Nothing but the lines below from the one holding "BOOVO Jewelry Boxes" up to and including the one holding "Elegant zwart monogram" should be copied, exactly and without pictures.

:: INPUT DATA

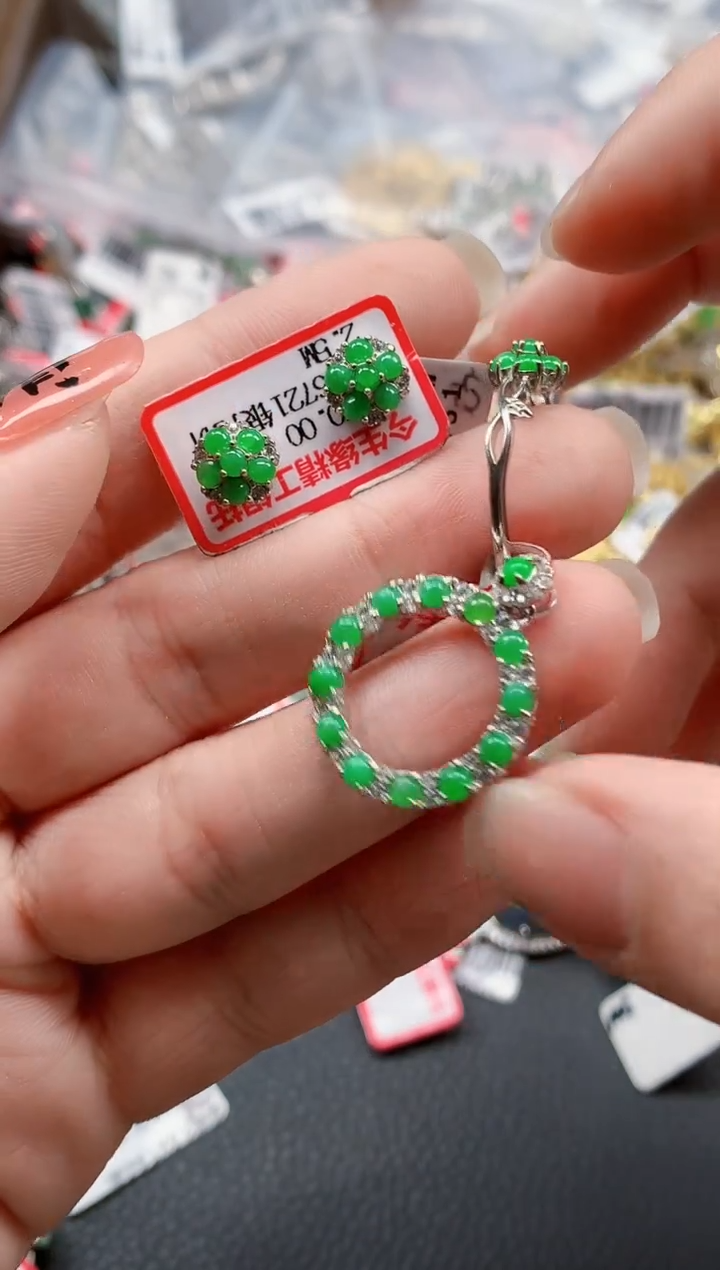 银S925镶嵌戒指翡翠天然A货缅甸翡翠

::::
:: INPUT DATA

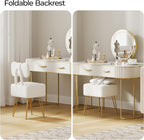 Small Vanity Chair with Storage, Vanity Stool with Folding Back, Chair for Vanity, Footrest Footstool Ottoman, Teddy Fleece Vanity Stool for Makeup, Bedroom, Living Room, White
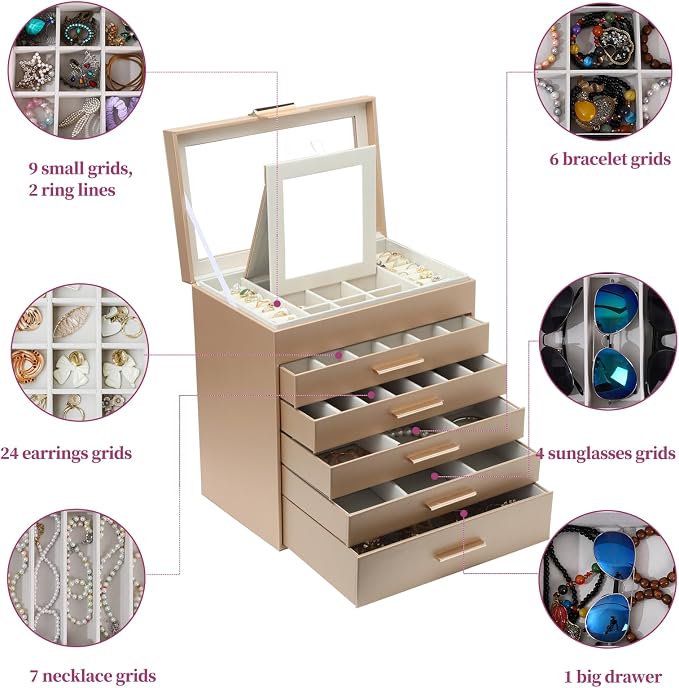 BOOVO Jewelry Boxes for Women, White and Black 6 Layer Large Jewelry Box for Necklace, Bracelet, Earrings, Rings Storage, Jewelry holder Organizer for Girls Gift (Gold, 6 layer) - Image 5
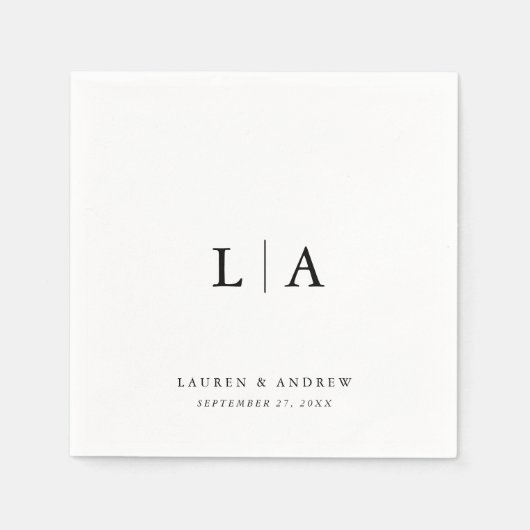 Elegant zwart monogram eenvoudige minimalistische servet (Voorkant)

::::

**TASK SOLUTION:**
 BOOVO Jewelry Boxes for Women, White and Black 6 Layer Large Jewelry Box for Necklace, Bracelet, Earrings, Rings Storage, Jewelry holder Organizer for Girls Gift (Gold, 6 layer) - Image 5
 Elegant zwart monogram eenvoudige minimalistische servet (Voorkant)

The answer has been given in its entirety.